Отхлебнув глоток светлого пенящегося пива, Олег прислушался к тому, что звучало с телевизионного экрана. Комментатор рассказывал о большом турне государственного секретаря США Джеймса Бейкера.
«…Посетил Кишинев, Ереван, Баку, Ашхабад, Душанбе, Ташкент, Москву, Челябинск-70. Выступая незадолго до этого визита в сенатском комитете по иностранным делам, Бейкер заявил: «Развал Советского Союза дал нам выпадающую раз в столетие возможность продвинуть американские интересы на восток и по всему миру…»

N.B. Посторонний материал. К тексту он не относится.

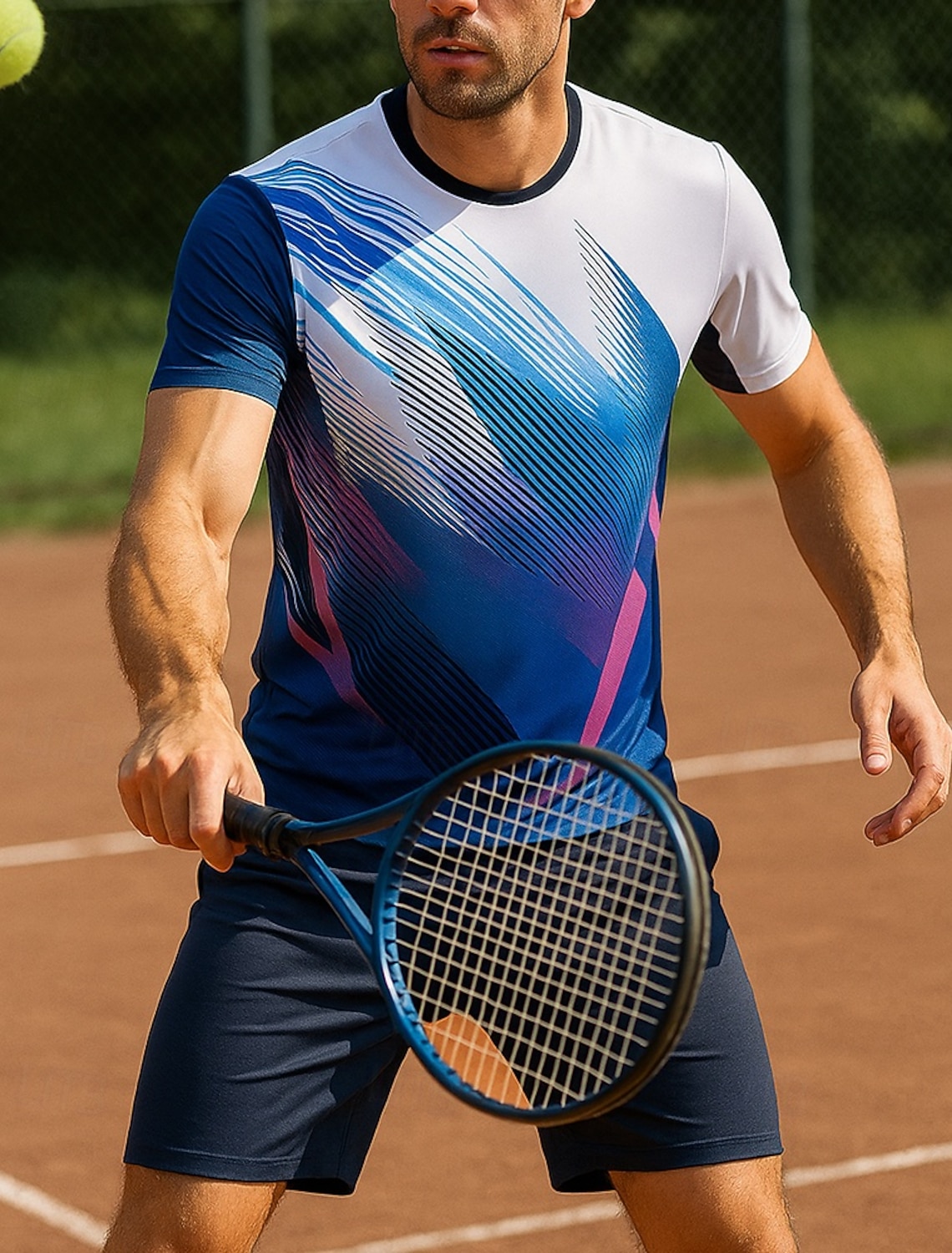 Men's Graphic Geometric Sports Set Shirts & Shorts Tennis Set Two-piece Suit Short Sleeves Sweat-Wicking Moisture Wicking Breathable Tennis Golf Pickleball Blue Green Tennis Clothing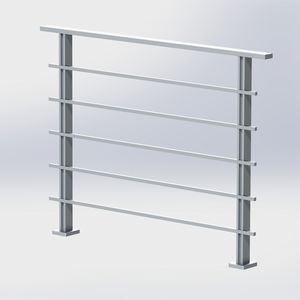 Aluminium-Geländer / mit Stangen / Außenbereich / für Balkon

Эта фраза повернула мысли Кузина в другое русло. Теперь он уже думал не о том, как хорошо себя чувствует в этом мягком кожаном кресле, с кружкой пива в руке, перед экраном импортного телевизора с ласкающей взгляд надписью «Sony». Им стали завладевать мысли о будущем, о том, как он будет строить свою жизнь, какие громадные возможности открывают перед ним эти невзрачные бумажки, которые называются «деньги».
«Нет, что ни говори, а деньги — это все! Если их нет, ты — ничтожество, быдло, шваль! Если они у тебя есть, ты — человек, личность, хозяин! Все, чему нас учили — форменная ерунда и вранье! Так уж устроен человек — если он хочет быть хозяином жизни, если стремится стать свободным и самостоятельным, то он должен зубами и когтями вырвать для себя место под солнцем. Да, если нужно, то следует идти по головам, отталкивая слабых и неспособных. В этом смысл борьбы за выживание. Выживает сильнейший. Выживает тот, кто, пренебрегает ложными принципами морали, выдуманными слабаками, кто умеет ради достижения цели поступиться всем: правилами приличия, нормами закона, лицемерными понятиями долга, чести, дружбы, любви».
— Олежка, что там показывают? Опять политика? — прервала размышления Кузина Надя. — Может, сходим куда-нибудь? — спросила заискивающе. — В театр или в гости, просто погулять?
— Едрён батон! Ну что ты такая надоедливая! Только задумался… А ты опять… — с привычной грубостью ответил Кузин Надежде. Потом, спохватившись, что напрасно обидел жену, нехотя проговорил: — Прости, Надюха! Я так! Садись рядом. Выпей пивка. Я тебе сейчас налью. Знаешь какое? Немецкое! Настоящее! Не эти помои, которые продают!